3. Mampu memahami dan menjelaskan Dermatomycosis


3.1 Definisi
Penyakit pada kulit yang disebabkan oleh jamur. Penyakit jamur atau mikosis dibagi
menjadi : mikosis profunda dan mikosis superfisialis.

3.2 Etiologi
Menurut Petrus 2005 & Utama 2004 faktor yang mempengaruhi adalah udara yang
lembab, lingkungan yang padat, sosial ekonomi yang rendah, adanya sumber penularan
disekitarnya, obesitas, penyakit sistemik, penggunaan obat antibiotik, steroid, sitostatika yang
tidak terkendali.

3.3 Klasifikas
A.Mikosis profunda
Mikosis profunda terdiri atas beberapa penyakit yang disebabkan jamur, dengan gejala
klinis tertetentu yang menyerang alat di bawah kulit, misalnya traktus intestinalis, traktus
respiratorius, traktus urogenitalis, susunan saraf sentral, otot, tulang, susunan kardiovaskular.

14
Kelainan kulit pada mikosis profunda dapat berupa afek primer, maupun akibat proses dari
jaringan di bawahnya (per kontinuitatum).
Dikenal beberapa penyakit jamur profunda yang klinis dan manifestasinya berbeda satu
dengan yang lain.
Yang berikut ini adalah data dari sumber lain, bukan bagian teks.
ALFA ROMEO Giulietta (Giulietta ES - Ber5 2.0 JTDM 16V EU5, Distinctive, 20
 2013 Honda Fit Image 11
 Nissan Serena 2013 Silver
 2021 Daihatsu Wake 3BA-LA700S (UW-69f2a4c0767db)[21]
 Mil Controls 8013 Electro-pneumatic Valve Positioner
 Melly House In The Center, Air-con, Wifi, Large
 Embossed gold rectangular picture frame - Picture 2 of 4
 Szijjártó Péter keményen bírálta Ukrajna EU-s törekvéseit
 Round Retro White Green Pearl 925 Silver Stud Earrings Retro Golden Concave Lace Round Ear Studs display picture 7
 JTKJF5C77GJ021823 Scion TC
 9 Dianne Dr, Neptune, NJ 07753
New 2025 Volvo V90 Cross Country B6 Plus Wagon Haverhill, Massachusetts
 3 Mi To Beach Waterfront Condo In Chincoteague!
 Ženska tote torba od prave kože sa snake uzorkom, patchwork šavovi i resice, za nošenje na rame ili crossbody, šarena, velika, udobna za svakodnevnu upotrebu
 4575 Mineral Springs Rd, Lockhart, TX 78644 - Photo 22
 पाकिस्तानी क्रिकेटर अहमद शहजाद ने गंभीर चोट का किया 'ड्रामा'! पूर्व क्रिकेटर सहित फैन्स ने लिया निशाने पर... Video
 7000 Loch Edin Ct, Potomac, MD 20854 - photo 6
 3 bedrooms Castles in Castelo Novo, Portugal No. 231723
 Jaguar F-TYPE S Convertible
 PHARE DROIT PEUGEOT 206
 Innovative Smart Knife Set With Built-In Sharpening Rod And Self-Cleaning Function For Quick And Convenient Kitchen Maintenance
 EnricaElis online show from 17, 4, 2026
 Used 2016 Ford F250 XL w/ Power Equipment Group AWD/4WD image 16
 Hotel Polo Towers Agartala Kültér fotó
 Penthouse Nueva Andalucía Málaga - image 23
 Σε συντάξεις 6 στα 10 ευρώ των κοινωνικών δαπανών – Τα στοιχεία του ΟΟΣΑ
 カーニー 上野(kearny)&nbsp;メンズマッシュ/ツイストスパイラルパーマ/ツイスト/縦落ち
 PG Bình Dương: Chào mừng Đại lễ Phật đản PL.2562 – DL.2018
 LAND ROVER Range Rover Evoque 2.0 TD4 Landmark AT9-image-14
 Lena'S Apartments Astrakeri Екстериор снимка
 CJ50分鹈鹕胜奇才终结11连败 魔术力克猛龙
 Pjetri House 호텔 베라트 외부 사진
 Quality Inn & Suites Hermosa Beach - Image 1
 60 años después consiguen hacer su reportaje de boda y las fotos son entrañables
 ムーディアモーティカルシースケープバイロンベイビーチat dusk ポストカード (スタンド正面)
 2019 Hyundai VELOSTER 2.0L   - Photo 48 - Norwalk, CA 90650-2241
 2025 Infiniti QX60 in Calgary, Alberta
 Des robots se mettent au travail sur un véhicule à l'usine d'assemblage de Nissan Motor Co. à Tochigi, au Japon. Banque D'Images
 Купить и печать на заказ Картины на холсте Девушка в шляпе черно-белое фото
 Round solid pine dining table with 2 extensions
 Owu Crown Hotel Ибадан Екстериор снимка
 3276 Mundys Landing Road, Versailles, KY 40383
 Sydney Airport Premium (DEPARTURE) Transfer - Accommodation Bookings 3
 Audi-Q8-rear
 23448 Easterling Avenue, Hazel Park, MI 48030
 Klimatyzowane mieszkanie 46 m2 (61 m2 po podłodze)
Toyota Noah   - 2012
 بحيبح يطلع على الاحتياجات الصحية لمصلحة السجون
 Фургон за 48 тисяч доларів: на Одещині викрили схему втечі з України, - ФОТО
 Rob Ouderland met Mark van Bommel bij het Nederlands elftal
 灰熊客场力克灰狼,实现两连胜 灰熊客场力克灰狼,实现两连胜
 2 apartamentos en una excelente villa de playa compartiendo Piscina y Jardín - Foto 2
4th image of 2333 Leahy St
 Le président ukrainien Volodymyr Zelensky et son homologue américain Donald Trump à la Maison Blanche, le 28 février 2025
CONANT dkk. (1977) misalnya mencantumkan dalam bukunya Manual of
Clinical Mycology berbagai penyakit, yaitu :
1. Aktinomikosis
2. Nokardiosis
3. Antinomikosis misetoma
4. Blastomikosis
5. Parakoksidiodomikosis
6. Lobomikosis
7. Koksidiodomikosis
8. Histoplasmosis
9. Histoplasmosis Afrika
10. Kriptokokosis
11. Kandidiosis
12. Geotrikosis
13. Aspergillosis
14. Fikomikosis
15. Sporotrikosis
16. Maduromikosis
17. Rinosporidiosis
18. Kromoblastomikosis
19. Infeksi yang disebabkan jamur Dematiceae ( berpigmen coklat)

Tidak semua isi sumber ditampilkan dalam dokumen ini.